Using AWS S3 to backup & restore Clickhouse data

Published in

DataDenys

5 min readOct 3, 2022

Using AWS S3 as a storage disk for tables also gives us opportunity to use S3 as a backup/restore storage for our database. Clickhouse can automatically manage backup and restore process, including incremental one, once storage disk is configured. Let’s see how to setup things right.

Setting up AWS S3 as a backup disk

In order to add S3 as a backup storage, add new s3.xml file under /etc/clickhouse-server/config.d dir:

This config declares s3 disk with given access credentials. Define <endpoint> to specify bucket and directory to save backups to. Then define <backups> block to allow using s3 disk as backup device. Node that <allowed_path> value should be the same as path directory from <endpoint> param (/backups/ in our case).

Restart Clickhouse to make sure everything works fine:

sudo clickhouse restart

Now we’re ready to backup data to AWS S3.

Backup a table to S3

In order to backup single table we use the following query:

BACKUP TABLE test TO Disk('s3', 'test_backup.zip')

Here, we create S3 backup, named test_backup.zip, from test table. It takes some time depending on our table size. If everything went fine, we get success message:

It took 34 seconds to backup our test table with 20m rows which takes ~200Mb compressed. Nice.

Restore a table

To restore a table we use the following query:

RESTORE TABLE test AS test_restored
FROM Disk('s3', 'test_backup.zip')

This query will restore a table from test_backup.zip backup into test_restored table. We can omit AS test_restored, then Clickhouse will restore directly to test table (it should be previously removed). If everything went fine, we get this message:

Backup & restore full database

Instead of backing up and restoring each table, we can backup full database instead. Let’s create sample database and tables in it.

CREATE DATABASE db;
USE db;
CREATE TABLE t1 (id UInt32) ENGINE=MergeTree ORDER BY id;
CREATE TABLE t2 (dt DateTime, msg String) ENGINE=MergeTree ORDER BY dt;

Let’s populate t1 and t2 tables with some generated data:

INSERT INTO t1 SELECT * FROM generateRandom('id UInt32') LIMIT 1000000;
INSERT INTO t2 SELECT * FROM generateRandom('dt DateTime, msg String') LIMIT 1000000;

Backing up database

Now let’s backup db database to S3 disk:

BACKUP DATABASE db TO Disk('s3', 'db.zip')

Restoring database from backup

First, let’s delete our local db database:

DROP DATABASE db;

Now let’s restore db from S3 db.zip backup:

RESTORE DATABASE db FROM Disk('s3', 'db.zip')

And in like 11 seconds our database was fully restored:

We can confirm all restored tables are available:

USE db;
SHOW tables;┌─name─┐
│ t1   │
│ t2   │
└──────┘

Incremental backups

In production environments creating full backup can be a problem for huge databases. And since we deal with Clickhouse, we most certainly deal with huge databases.

Backuping up full data can take more time than the period we’d want to backup data in. This is exactly the case for incremental backups, when we backup only a new portion of data arrived after last backup:

First of all we have to create base backup (for the first time only) which is done as usual backup:

BACKUP TABLE test TO Disk('s3', 'test-base.zip')
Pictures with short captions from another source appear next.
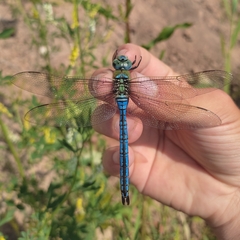 Anax imperator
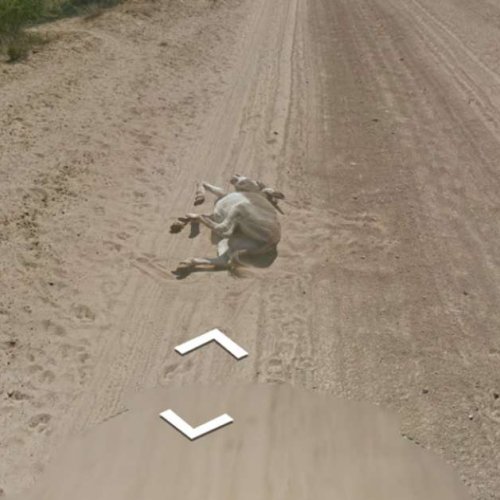 Uma sequência de fotos tiradas na Botswana dá a entender que o carro do google atropelou um burro. A empresa negou.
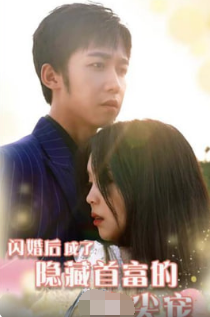 闪婚后成了隐藏首富的心尖宠第29集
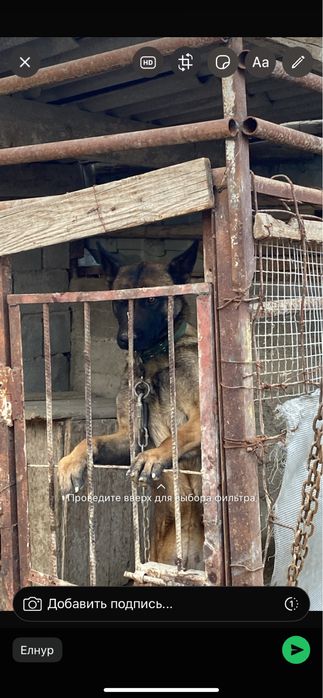 Бельгиский Овчарка  чисто кров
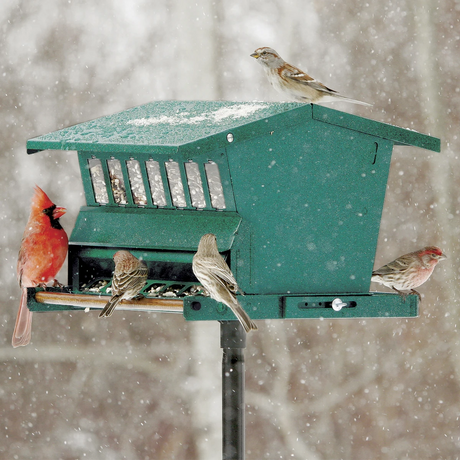 Original Absolute Bird Feeder with birds feeding, showcasing its squirrel-resistant design, weight-activated perch, and sturdy metal construction.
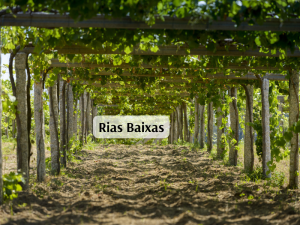 Rias Baixas (800 x 600 px)
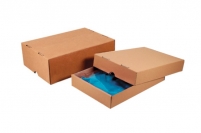 Caisse carton tlescopique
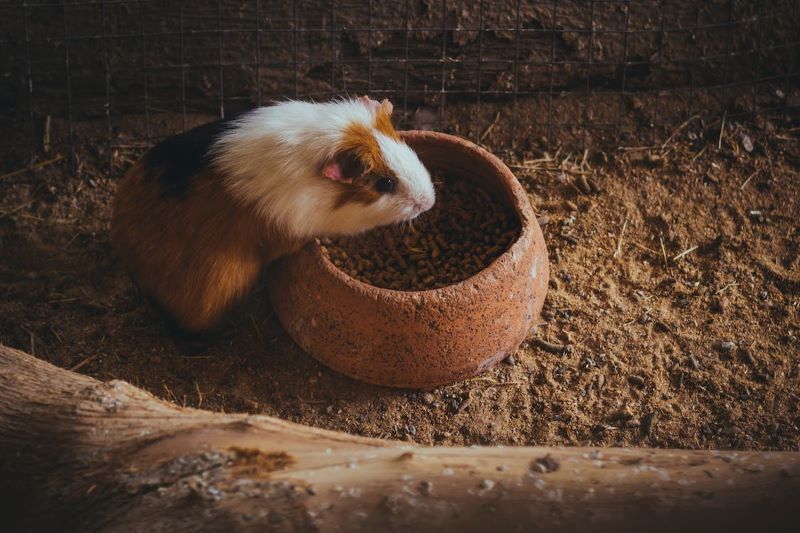 Guinea pig feeding clearance hay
Now let’s assume some time has passed and new data portion has arrived:

INSERT INTO test
SELECT number + 2000000000, randomPrintableASCII(15), now() - rand32()
FROM numbers(1000);

In order to create incremental backup, we have to specify base_backup settings to let Clickhouse know which existing backup to use to understand data delta:

BACKUP TABLE test TO Disk('s3', 'test-2022-10-03.zip')
SETTINGS base_backup = Disk('s3', 'test-base.zip');

As we can see, this last backup took much less time to accomplish compared to full backup process:

Next day (or after defined period), you should specify test-2022-10-03.zip as the new base_backup so Clickhouse gets new delta correctly:

BACKUP TABLE test TO Disk('s3', 'test-2022-10-04.zip')
SETTINGS base_backup = Disk('s3', 'test-2022-10-03.zip');

An so on — you specify your previous backup file name as a base_backup for your new backup file.

Resroting incremental backup

In order to restore full table you have to specify last backup file name and Clickhouse will automatically merge all deltas:

RESTORE TABLE test FROM Disk('s3', 'test-2022-10-04.zip')

We can actually restore data from any snapshot of incremental backup (including, of course, base file):

RESTORE TABLE test FROM Disk('s3', 'test-2022-10-03.zip')

Managing backup data

You can access full list of your backup operations from system.backups table:

SELECT * FROM system.backups

We can see Clickhouse creates following files on S3 bucket:

If you use incremental backups, do not delete those files. In case you make full backup, you can delete older files periodically to save some space.

Summary

AWS S3 is natively supported by Clickhouse as a storage for backing up and restoring data. Using incremental backups allows using this solution in production environments.